Focal length is a vital tool in the armory of a portrait photographer. In formal portraiture, it can be the difference between flattering the subject and taking a shot that is distinctly un-flattering and never being asked back. This exercise required me to take a series of portraits. I needed to take them at different focal lengths, using the same subject, pose and framing. I took five frames at different focal lengths, taking care to frame each one as closely as possible to the last. As the focal length shortened so I walked towards the subject to retain the framing. The aim was to see what difference the focal length made to the final image and the way I approached taking each photograph.
In the images below I have kept the aperture and shutter speed as similar as possible in the images so that the viewer only need worry about is the focal length as we approach the subject. I have not edited the images so what the viewer sees is what was ‘in the camera’. The focal lengths given are full frame equivalents.
This was taken with my telephoto lens at maximum focal length (315mm). Focused on the eyes, the background is out of focus and foreshortened, centering the attention on the subject’s face. The light is soft and forgiving and the image is a pleasing likeness of the subject and well proportioned.
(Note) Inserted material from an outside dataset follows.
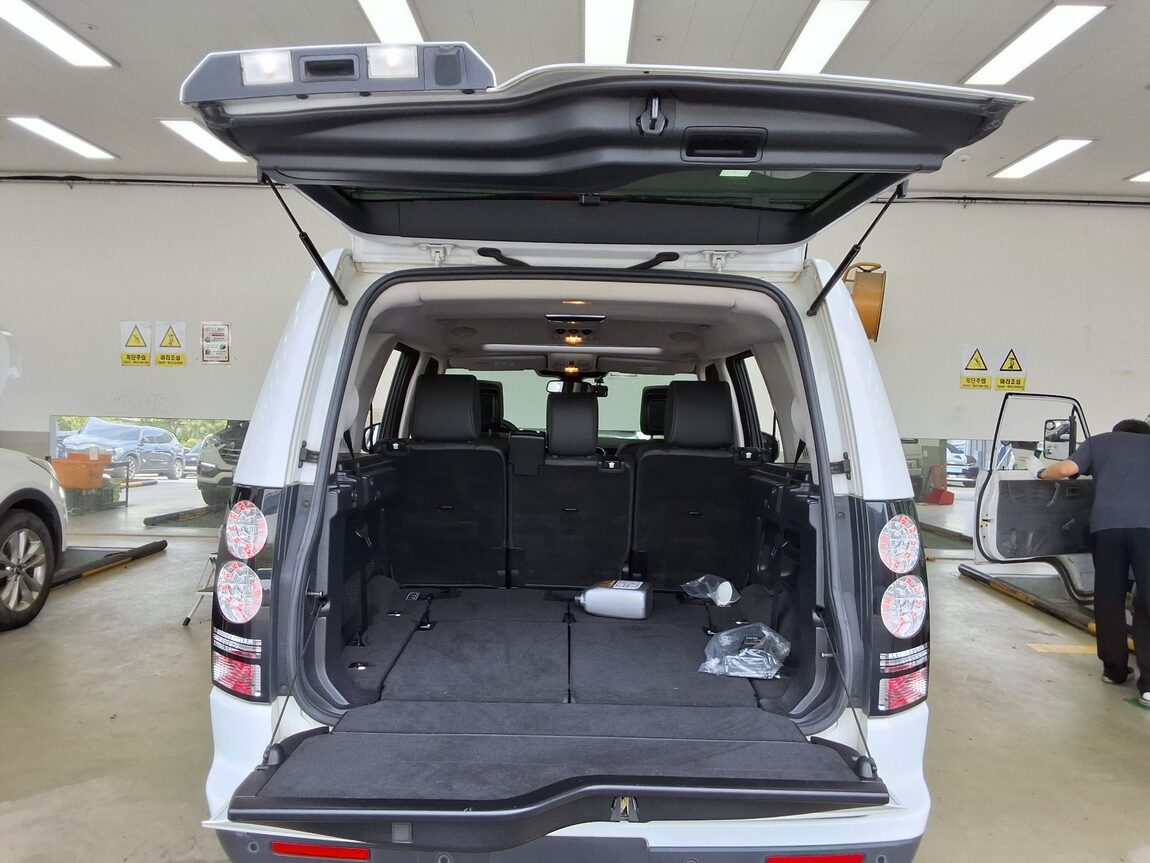 LAND ROVER DISCOVERY 4 3.0 SDV6 HSE 2015 - zdjęcie 15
I have shot on ISO 400 to prevent camera shake with the long lens. Therefore I have used this ISO throughout for continuity in the shots.
At a nominally shortened focal length, the overall appearance of the photograph is very similar to the last. The main difference is that of framing. In order to maintain the framing I have had to crouch slightly lower. This has the effect of bringing the background up behind the subject’s head.
This is the focal length favoured by many portrait photographers. The background is still out of focus creating a good ‘bokeh’. The eye-line is natural as are the facial features. It is a very forgiving focal length and gives good flexibility and control over image taking.
This focal length is another favoured by portrait photographers, often those working in the street photography genre. The background is now appearing at a natural distance away from the subject and has dropped significantly in the frame to retain composition continuity. In comparison to the first image in the series the subject’s features are becoming more pronounced, a little less forgiving and starker. This is why a street photographer will often choose this lens as it offers some realism within the frame whilst still being a long enough focal length not to distort the subject. It also means the photographer needs to be close in to the subject (I was about 3 feet away here) meaning the subject will more often than not (in a street scenario) be well aware that they are being photographed.
At a relatively wide angle (I have halved the focal length of the last image), I now appear to be shooting almost up, into the subject’s face to retain the composition of the frame. I can now fully see the underside of the shelter, which was only just coming in to frame in the previous image. The background as a whole is much less controllable and cluttered as a result. The features of the subjects face have now become markedly exaggerated. The appearance is starting to become that of looking in to a fish bowl and not very natural, especially in comparison to the previous image. The face appears wider and the shoulders slightly narrower by comparison. This gives the impression that the subject is leaning slightly in to the camera (which she is not), with the chin apparently leading.
As expected, the longer focal lengths give the most attractive results, flattening out the features and background to give a good likeness of the subject. I found this acceptable all the way up to the 52mm focal length (although the appearance is significantly different from the previous image at 82mm), but soon after this the wider angles start to change the way the subject and the environment looks quite radically.